FERC v. Martin Exploration Mgmt. Co., 486 U.S. 204 (1988)
U.S. Supreme CourtFERC v. Martin Exploration Mgmt. Co., 486 U.S. 204 (1988)
FERC v. Martin Exploration Management Co.
Argued March 28, 1988
Decided May 31, 1988
486 U.S. 204
To cover the situation of overlapping provisions of the Natural Gas Policy Act of 1978 fixing price ceilings for sales of various categories of natural gas and providing for phased deregulation, § 101(b)(5) of the Act states that, if any natural gas qualifies under more than one provision providing for any maximum lawful price or for any exemption from such a price with respect to certain sales of gas, "the provision which could result in the highest price shall be applicable." The Federal Energy Regulatory Commission (FERC) promulgated a regulation interpreting § 101(b)(5) (and § 121, which relates to phased deregulation) to mean that any gas that is qualified for both deregulated and regulated treatment would be treated as deregulated. The regulation adversely affected gas producers who had entered into long-term contracts that had one clause setting the price (near the price ceiling) if the gas were regulated and another clause setting the price (on the basis of market price, or calling for renegotiation) if the gas were deregulated. Because the market price of natural gas had plunged below the regulated price ceilings, such producers stood to reap higher contractual prices if their gas was regulated than if it was deregulated. Numerous producers petitioned for review of FERC's regulation. The Court of Appeals rejected FERC's interpretation and adopted the producers' position that § 101(b)(5) unambiguously requires the applicable category to be that which, at any particular moment, garners the producer the highest contract price for its gas. In explaining this holding, the Court of Appeals also rejected FERC's ruling that certain "new tight formation gas" subject to regulation under § 107(c)(5) is automatically qualified for deregulation as new gas under §§ 102(c) or 103.

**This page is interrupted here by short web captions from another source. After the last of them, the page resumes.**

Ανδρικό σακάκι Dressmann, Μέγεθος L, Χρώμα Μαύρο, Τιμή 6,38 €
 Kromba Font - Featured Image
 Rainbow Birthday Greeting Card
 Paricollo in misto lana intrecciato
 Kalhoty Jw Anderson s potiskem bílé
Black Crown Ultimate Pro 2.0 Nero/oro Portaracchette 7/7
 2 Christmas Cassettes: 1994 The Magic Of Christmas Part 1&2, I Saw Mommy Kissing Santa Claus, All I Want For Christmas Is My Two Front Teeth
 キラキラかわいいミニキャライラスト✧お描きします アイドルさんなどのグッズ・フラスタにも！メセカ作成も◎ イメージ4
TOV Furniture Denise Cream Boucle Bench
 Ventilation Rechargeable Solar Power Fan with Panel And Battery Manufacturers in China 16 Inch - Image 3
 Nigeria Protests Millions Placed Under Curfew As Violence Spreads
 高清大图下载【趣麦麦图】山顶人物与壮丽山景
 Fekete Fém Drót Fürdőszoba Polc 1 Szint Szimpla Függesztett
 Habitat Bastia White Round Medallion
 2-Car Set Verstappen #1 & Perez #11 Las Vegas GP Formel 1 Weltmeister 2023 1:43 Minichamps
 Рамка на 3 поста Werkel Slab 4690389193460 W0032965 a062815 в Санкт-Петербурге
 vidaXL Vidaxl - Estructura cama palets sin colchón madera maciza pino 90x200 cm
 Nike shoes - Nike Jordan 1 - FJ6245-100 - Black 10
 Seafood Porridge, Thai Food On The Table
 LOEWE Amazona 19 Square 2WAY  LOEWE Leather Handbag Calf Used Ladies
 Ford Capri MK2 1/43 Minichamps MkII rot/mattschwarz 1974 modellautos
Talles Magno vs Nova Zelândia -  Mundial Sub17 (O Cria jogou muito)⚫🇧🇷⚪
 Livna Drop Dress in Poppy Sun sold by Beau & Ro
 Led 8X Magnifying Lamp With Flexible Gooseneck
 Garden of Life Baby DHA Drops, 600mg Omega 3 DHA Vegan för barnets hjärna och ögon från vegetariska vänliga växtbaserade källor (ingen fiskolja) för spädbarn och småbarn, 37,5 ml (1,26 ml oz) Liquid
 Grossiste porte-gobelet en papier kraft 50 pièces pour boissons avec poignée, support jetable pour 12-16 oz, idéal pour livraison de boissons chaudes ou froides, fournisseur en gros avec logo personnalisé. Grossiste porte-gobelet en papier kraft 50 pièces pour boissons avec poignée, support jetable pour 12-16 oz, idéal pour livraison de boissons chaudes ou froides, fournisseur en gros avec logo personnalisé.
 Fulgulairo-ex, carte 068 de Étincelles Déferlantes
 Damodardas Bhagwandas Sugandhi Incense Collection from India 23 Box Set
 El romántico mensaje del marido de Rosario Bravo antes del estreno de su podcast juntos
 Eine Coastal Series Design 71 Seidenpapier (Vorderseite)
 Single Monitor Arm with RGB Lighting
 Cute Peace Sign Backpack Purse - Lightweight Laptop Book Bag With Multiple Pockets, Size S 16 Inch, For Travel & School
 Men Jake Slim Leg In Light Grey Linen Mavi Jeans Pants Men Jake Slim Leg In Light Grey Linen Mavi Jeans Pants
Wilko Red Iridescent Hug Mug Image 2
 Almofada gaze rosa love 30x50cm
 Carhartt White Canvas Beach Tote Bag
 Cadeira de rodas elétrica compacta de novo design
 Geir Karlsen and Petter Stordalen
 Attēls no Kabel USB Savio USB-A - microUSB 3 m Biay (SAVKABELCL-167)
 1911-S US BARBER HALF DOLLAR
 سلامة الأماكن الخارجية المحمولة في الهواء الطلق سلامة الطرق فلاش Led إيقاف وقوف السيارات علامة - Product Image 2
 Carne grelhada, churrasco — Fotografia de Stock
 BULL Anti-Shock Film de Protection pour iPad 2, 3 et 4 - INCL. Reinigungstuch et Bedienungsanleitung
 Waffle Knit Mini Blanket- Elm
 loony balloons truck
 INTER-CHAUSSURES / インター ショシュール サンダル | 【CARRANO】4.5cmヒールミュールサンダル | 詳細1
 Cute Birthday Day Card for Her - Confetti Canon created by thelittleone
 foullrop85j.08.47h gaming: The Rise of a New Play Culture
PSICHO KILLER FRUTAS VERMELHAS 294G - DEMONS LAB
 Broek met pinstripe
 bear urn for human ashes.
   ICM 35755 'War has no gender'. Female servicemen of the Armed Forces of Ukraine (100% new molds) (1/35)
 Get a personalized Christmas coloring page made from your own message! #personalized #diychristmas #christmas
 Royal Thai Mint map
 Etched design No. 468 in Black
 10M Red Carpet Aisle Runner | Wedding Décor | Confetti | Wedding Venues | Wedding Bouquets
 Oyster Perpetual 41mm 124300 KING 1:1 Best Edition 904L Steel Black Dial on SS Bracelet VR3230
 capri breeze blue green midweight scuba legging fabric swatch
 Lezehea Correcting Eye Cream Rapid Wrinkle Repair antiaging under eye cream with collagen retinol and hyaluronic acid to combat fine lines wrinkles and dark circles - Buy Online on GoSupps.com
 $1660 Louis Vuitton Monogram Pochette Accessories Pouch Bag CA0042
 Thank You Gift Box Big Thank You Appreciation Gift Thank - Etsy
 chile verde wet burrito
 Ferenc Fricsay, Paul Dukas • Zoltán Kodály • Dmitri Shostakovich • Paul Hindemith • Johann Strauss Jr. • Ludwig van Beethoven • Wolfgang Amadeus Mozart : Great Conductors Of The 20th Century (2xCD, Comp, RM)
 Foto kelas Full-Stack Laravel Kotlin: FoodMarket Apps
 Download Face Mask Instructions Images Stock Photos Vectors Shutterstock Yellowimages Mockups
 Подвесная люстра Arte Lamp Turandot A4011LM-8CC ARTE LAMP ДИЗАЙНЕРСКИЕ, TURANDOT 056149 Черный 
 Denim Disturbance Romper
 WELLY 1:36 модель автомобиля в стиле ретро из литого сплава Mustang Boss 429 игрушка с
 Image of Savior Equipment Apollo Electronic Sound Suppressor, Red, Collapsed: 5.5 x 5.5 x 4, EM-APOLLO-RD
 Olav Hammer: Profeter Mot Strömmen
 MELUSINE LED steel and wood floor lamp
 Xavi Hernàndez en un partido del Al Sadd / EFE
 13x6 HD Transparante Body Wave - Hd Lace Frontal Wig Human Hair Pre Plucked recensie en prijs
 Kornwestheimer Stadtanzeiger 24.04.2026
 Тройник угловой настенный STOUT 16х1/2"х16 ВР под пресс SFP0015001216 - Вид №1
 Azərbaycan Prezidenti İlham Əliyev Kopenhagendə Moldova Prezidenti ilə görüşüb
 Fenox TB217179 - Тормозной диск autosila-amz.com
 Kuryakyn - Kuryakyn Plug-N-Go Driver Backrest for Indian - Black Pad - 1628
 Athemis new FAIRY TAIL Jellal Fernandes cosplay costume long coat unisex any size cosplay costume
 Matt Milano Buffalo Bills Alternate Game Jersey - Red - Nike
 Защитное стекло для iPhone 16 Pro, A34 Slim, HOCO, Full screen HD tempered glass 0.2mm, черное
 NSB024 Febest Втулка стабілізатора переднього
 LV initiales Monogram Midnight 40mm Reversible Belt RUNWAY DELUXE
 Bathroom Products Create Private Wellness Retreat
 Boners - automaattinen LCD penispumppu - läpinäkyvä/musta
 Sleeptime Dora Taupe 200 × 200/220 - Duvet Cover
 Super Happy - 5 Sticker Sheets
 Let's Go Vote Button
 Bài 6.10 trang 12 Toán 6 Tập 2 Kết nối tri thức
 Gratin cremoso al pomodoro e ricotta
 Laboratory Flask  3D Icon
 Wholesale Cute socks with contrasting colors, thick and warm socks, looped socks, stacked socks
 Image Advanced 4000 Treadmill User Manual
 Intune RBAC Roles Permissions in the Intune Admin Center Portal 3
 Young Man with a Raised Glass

1. The Court of Appeals erred in rejecting FERC's interpretation of § 101(b)(5). The statute's plain meaning governs. It provides for the applicability of the overlapping provision that "could" result in the highest
price, not that provision which "will" (depending on actual contracts and daily market prices) result in the highest price for each producer. Section 101(b)(5)'s words call for a simple comparison between the highest price permitted by one provision and the highest price permitted by another: the higher the price ceiling, the higher the price that "could" result under the provision. When one of the provisions sets no price ceiling at all -- i.e., it deregulates -- that provision governs. The court erred in concluding that reading the word "could" with its ordinary conditional meaning makes so little sense that it must be converted to the word "will." The statute does not mean to refer to particular contracts, but rather to the generic situation of parties in a precontract state: the provision that allows the parties to contract to the highest conceivable price applies. The statute calls for a comparison of statutory provisions, not contractual ones, and nothing in the statute or legislative history suggests that Congress wanted the classification of gas to turn on contractual terms. Moreover, the Court of Appeals' reading is contrary to the whole thrust of the Act, for it has the effect of turning a statutory scheme of price ceilings and deregulation into a system of price supports for producers. It also creates a chaotic scheme wherein the applicable provision for a particular type of gas varies depending on the producer, the contract, and the current market price. Pp. 486 U. S. 209-211.
2. The Court of Appeals also erred in overturning FERC's ruling that certain gas qualified as "new tight formation gas" subject to regulation under § 107(c)(5) of the Act is automatically qualified as deregulated "new" gas under §§ 102(c) or 103. Section 107(c)(5) gives FERC authority to make eligible, for special high-cost gas pricing, natural gas "produced under such . . . conditions as [FERC] determines to present extraordinary risks or costs." There is nothing objectionable about FERC's ruling, which merely recognizes that certain "new tight formation gas" -- which requires the producer to file the same information (in addition to other information) that would be filed to qualify under either § 102(c) or § 103 -- is a subset of deregulated "new" gas under the latter sections. The Court of Appeals' contrary conclusion was based on its reading of § 101(b)(5), rejected above, and its erroneous interpretation of certain portions of the legislative history. Nor does FERC's rule intrude on the jurisdiction of other state and federal agencies to make category determinations under § 503. FERC has made no category determinations, but has merely promulgated, pursuant to its ample authority, a definitional rule applicable in determination proceedings. Pp. 486 U. S. 211-213.
813 F.2d 1059, reversed.
BRENNAN, J., delivered the opinion of the Court, in which all other Members joined, except WHITE, J., who took no part in the consideration or decision of the cases.